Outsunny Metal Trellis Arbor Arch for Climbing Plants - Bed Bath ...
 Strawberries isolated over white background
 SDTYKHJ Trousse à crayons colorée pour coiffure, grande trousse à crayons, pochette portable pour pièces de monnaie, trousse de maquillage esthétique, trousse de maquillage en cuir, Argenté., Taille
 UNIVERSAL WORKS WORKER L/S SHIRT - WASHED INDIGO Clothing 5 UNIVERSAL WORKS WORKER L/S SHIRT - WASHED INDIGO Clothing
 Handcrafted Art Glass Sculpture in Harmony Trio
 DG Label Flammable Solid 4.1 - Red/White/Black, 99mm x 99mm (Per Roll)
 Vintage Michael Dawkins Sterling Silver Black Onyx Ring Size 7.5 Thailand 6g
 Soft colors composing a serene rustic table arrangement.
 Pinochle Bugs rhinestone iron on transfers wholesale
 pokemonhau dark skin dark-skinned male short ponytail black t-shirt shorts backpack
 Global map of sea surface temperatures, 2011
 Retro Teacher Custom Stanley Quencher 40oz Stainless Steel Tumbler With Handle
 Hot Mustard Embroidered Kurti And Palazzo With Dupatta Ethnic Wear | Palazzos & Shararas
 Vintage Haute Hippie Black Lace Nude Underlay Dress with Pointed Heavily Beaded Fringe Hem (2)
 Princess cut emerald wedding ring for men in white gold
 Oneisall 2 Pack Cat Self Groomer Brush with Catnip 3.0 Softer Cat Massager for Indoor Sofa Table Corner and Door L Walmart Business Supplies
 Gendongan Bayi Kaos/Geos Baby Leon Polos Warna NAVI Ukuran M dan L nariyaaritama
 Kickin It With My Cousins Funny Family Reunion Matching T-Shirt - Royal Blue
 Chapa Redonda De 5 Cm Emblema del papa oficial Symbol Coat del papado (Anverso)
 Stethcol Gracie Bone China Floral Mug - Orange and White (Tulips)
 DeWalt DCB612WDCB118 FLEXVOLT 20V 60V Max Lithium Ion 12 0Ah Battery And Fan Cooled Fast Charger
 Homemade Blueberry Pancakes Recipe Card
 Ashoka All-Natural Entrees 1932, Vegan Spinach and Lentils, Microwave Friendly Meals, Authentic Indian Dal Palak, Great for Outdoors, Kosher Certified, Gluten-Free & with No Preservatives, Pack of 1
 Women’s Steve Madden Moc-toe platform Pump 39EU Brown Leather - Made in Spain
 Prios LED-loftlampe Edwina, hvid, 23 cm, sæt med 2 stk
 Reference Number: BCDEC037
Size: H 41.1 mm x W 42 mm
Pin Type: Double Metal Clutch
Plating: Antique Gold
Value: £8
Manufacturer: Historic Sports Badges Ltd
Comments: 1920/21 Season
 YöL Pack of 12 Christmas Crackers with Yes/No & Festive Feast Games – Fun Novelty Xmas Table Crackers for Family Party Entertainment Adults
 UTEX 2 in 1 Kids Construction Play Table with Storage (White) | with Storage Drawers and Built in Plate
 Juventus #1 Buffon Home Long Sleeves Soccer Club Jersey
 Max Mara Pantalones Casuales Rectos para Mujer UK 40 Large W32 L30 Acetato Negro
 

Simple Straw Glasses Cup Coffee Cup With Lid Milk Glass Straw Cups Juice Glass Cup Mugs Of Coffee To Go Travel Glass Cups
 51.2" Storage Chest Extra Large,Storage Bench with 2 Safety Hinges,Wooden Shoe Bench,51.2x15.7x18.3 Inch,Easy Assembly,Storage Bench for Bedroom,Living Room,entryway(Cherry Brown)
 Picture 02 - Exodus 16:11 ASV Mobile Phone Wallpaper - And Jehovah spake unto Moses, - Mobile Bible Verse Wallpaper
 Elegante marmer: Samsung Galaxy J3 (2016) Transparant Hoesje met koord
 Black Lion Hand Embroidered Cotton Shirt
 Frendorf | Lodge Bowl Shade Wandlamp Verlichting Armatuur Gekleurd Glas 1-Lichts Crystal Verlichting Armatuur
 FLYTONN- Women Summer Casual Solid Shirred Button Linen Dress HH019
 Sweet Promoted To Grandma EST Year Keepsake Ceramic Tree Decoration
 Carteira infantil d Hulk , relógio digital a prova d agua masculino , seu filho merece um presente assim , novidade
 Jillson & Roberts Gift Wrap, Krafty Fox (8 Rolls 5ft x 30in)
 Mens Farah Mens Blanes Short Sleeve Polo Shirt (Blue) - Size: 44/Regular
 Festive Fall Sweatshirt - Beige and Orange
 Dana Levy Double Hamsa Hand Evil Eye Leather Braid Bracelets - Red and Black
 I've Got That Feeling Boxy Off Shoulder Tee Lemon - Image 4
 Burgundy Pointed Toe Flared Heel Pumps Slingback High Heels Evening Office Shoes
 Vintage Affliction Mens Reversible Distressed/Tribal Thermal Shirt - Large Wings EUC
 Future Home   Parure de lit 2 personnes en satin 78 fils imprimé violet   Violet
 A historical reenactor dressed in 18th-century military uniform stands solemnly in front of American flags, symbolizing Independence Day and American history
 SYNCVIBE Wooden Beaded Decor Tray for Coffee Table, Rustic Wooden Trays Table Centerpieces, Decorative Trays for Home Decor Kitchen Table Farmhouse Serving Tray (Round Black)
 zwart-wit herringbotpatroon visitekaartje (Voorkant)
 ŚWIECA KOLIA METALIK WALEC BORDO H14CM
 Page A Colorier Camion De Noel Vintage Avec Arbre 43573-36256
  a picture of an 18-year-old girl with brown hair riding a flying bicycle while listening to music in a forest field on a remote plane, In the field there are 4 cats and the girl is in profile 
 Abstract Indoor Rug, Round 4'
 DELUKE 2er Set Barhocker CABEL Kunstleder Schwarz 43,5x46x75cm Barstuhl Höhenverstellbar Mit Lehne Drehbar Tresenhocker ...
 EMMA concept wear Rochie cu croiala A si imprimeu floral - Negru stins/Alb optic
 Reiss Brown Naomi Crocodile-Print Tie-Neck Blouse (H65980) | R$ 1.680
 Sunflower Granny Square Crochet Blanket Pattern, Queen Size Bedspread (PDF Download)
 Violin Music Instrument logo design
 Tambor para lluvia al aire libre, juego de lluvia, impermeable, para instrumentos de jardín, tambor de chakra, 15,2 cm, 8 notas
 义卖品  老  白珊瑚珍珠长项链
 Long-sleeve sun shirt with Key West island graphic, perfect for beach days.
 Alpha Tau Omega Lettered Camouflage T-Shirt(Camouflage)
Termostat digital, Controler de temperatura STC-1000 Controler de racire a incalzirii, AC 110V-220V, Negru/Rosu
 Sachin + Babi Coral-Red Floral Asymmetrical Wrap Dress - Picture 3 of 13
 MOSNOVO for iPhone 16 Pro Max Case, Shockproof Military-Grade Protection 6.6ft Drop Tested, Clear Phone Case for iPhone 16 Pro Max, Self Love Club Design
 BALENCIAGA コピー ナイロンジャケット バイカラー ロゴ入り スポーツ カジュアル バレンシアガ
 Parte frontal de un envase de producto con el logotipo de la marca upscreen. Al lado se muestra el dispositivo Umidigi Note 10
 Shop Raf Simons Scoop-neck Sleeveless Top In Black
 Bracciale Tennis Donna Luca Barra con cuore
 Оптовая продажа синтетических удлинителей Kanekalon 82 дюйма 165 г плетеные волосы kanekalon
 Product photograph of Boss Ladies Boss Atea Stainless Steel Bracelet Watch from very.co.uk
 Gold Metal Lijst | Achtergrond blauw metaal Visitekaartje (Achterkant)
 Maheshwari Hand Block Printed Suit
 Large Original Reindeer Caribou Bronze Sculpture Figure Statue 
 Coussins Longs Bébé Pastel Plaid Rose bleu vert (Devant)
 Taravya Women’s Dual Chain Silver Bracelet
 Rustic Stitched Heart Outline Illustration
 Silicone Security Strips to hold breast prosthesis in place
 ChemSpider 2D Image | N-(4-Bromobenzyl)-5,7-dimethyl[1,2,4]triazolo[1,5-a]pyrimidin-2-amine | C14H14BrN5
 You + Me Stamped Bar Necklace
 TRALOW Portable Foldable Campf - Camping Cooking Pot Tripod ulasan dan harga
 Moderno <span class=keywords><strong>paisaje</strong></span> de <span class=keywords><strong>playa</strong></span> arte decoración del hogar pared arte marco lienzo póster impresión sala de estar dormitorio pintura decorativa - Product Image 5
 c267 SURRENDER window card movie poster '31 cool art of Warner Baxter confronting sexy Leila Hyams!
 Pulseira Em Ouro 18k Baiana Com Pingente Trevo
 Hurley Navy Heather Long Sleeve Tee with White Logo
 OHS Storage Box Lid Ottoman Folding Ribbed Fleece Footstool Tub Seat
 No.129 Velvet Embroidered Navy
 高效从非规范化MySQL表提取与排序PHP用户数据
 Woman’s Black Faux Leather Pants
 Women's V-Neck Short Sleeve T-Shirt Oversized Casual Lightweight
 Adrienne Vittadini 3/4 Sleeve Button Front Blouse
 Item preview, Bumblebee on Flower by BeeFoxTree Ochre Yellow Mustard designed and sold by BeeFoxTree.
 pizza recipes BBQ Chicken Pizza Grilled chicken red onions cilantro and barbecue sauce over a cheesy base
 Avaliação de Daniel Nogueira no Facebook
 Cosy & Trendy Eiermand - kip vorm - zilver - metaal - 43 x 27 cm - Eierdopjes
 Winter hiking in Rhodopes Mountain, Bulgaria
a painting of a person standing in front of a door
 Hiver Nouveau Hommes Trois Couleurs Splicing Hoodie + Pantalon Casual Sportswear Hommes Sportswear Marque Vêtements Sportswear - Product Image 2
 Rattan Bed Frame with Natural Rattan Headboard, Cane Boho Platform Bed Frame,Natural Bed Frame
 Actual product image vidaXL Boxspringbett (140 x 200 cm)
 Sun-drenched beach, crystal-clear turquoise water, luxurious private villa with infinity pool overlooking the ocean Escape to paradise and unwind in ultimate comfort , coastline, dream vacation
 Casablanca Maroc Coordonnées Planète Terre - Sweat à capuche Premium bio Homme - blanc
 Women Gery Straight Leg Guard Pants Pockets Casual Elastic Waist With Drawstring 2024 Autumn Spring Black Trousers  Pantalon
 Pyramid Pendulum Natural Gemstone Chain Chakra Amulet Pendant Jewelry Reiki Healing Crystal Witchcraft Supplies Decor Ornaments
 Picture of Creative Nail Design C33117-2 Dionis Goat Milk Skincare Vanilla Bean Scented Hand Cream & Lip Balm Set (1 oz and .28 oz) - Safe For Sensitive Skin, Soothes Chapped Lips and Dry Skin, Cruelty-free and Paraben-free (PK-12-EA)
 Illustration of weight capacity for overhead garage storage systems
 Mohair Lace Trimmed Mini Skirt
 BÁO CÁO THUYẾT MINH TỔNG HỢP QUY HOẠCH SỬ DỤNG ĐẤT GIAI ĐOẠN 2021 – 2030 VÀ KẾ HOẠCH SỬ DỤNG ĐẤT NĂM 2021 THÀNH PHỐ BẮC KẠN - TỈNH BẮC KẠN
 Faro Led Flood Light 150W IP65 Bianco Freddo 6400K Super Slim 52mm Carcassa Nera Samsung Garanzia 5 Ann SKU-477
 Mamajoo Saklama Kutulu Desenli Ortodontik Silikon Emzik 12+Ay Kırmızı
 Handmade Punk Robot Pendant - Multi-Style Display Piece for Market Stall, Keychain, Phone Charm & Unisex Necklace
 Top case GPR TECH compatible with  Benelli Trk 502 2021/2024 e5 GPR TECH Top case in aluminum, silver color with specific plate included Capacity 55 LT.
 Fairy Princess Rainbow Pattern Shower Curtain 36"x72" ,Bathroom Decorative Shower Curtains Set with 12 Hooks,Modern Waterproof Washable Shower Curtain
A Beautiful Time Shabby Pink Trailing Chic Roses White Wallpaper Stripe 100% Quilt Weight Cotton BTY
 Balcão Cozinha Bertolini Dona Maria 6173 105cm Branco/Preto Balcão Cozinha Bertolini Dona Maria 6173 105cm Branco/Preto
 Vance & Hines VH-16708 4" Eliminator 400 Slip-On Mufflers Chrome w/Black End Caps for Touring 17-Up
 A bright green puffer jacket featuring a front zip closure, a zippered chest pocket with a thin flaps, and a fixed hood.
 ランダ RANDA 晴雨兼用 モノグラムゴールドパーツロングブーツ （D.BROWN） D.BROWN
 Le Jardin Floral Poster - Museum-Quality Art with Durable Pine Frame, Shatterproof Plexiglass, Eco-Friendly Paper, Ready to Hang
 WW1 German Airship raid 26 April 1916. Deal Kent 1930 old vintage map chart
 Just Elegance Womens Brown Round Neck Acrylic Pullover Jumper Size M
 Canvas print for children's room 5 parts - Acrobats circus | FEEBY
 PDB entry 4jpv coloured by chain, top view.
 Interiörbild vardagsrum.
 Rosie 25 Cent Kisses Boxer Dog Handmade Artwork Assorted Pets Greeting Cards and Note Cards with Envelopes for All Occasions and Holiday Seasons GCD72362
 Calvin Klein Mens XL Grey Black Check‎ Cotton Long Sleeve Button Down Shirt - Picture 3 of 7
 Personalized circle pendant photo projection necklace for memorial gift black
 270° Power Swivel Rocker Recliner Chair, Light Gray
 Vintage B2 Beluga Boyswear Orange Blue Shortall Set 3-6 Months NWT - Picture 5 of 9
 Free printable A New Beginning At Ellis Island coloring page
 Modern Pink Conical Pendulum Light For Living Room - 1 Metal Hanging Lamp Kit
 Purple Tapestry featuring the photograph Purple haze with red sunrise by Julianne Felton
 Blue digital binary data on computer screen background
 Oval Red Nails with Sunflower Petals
--------
## YOUR TASK
Look through the material above for the string "Pendulum" and copy each line that has it.

## RESPONSE TO THIS EXERCISE
 Pyramid Pendulum Natural Gemstone Chain Chakra Amulet Pendant Jewelry Reiki Healing Crystal Witchcraft Supplies Decor Ornaments
 Modern Pink Conical Pendulum Light For Living Room - 1 Metal Hanging Lamp Kit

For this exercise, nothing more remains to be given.